Case cite. Vasquez v. Steiner Enters. 2021 U.S. Dist. LEXIS 211903 (N.D. Ind. Nov. 2 2021)

Legal issue. Whether Company A was the “alter ego” of Company B so as to be liable for claim against Company B.

Vital facts. Plaintiff named Company A in his lawsuit against Company B that sought damages for discrimination. Company B was a wholesale jobber of fabrics and textiles. Company A was an engineering firm. Although separate corporate entities, the two businesses occupied two halves of a single building. Also, the president of both companies was the same.

Procedural history. Company A filed a motion for summary judgment on Plaintiff’s alter ego claim.

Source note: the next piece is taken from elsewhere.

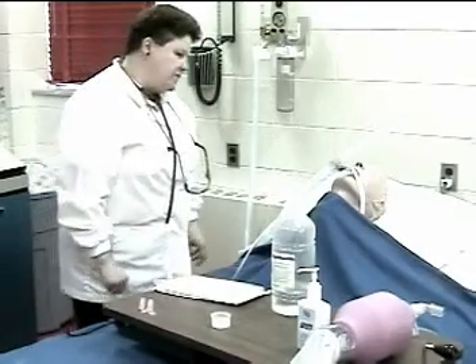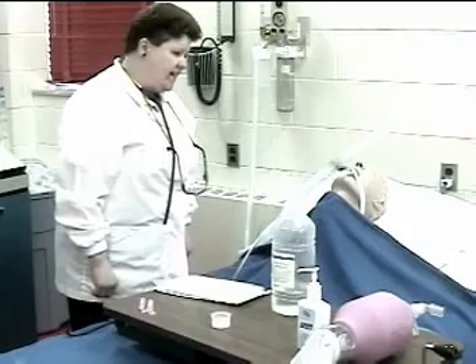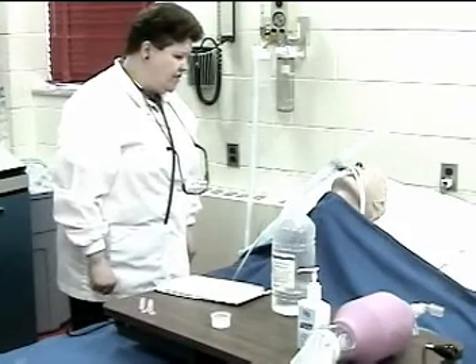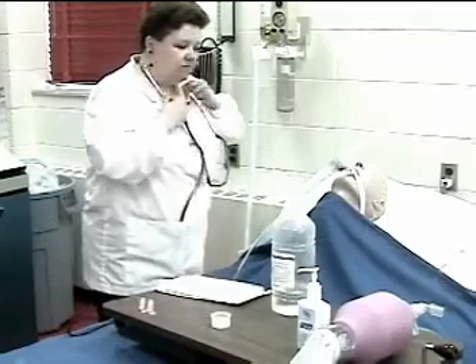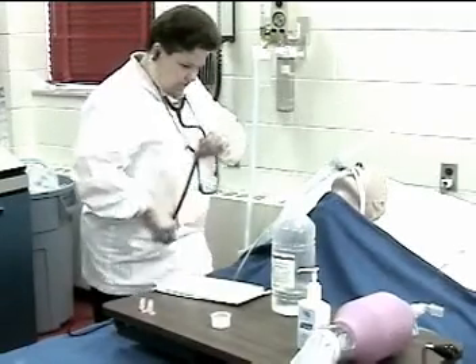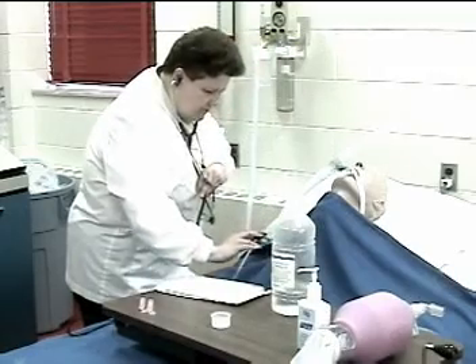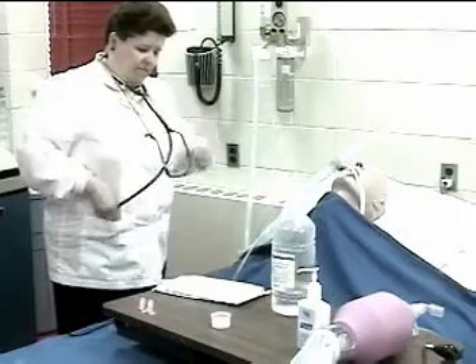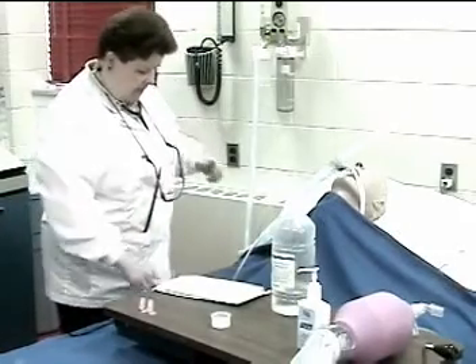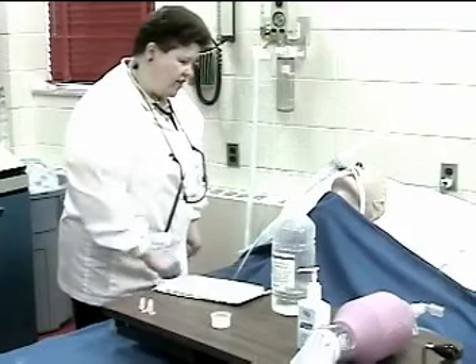I'm one of the respiratory therapists assigned to this floor today, so I will be coming in, checking on you, and suctioning as you need to. Before I get started, can I just listen to your lungs? Sounds a little bit gurgly in there. How about if I suction you while I'm here? I'm going to put this pulse oximeter on your finger to help me keep track of how you're doing.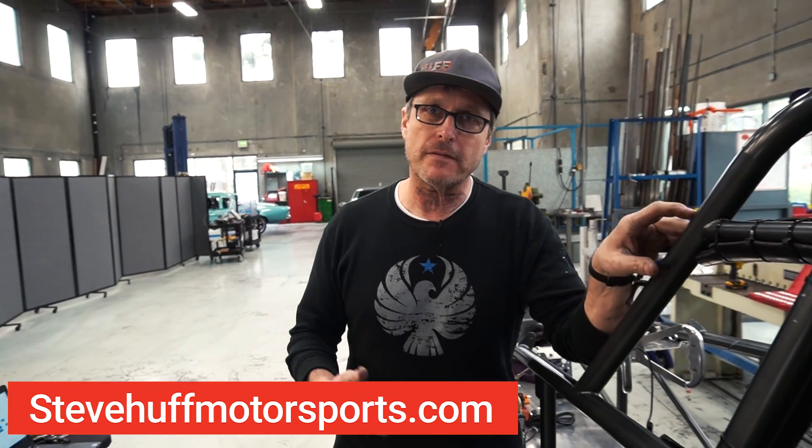Over the last four years, I've been waiting. You can follow us on this Quest for 200 at stevehuffmotorsports.com or stevehuffmotorsports on Facebook. We're on Instagram and Twitter and all of those things — start out at our website, you'll see all of our social media links.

Key rules. In the Seventh Circuit, “where two companies are alter egos, ‘a parent (or other affiliate) would be liable for the torts...of its subsidiary….’” Under Indiana state law, which applied to Vasquez:

… the focus is on whether the corporate form was so ignored, controlled or manipulated that it was merely the instrumentality of another and that the misuse of the corporate form would constitute a fraud or promote injustice. Courts are reluctant to disregard corporate identity, and [Plaintiff] has the burden on what is described as a "highly fact-sensitive question."

The court noted that evidence of such misuse of the corporate form “might include circumstances such as undercapitalization, the absence of corporate records, fraud by corporate shareholders or directors, use of the corporation to ‘promote fraud, injustice, or illegal activities,’ commingling of the companies' assets and affairs, and conduct by the corporations ignoring corporate formalities.”

Holding. The U.S. District Court for the Northern District of Indiana granted Company A’s motion and dismissed it from the case.

Policy/rationale. Vasquez was a federal employment discrimination case, but its principles apply equally to post-judgment collection actions where a borrower or a judgment debtor may be trying to avoid payment of a debt. One of the main policies behind the alter ego theory is to protect creditors from being confused about whom they can look to for the payment of their claims.

Plaintiff contended that Companies A and B were alter egos of a single business entity. The primary basis of this contention was the allegation that both entities were fully owned and controlled by the same individual, who was president of both. However, Plaintiff offered no evidence of any misuse of the corporate form. In rejecting the claim, the court in Vasquez reasoned that companies can do “a fair amount of sharing” and have a “degree of integration” without misuse of the corporate form.

Under Indiana law, "separate corporate identity" can only "be disregarded where one corporation is so organized and controlled and its affairs are so conducted by another corporation that it is a mere instrumentality or adjunct of the other corporation." The fact that Companies A and B shared the same president and the same building was insufficient to support such a conclusion. The court declared: “[n]o reasonable fact finder could conclude that [Company A and Company B] were one enterprise in disguise….”

Related posts.

Part of my practice is to represent parties involved in post-judgment collection proceedings. If you need assistance with a similar matter, please call me at 317-639-6151 or email me at Also, don’t forget that you can follow me on Twitter @JohnDWaller or on LinkedIn, or you can subscribe to posts via RSS or email as noted on my home page.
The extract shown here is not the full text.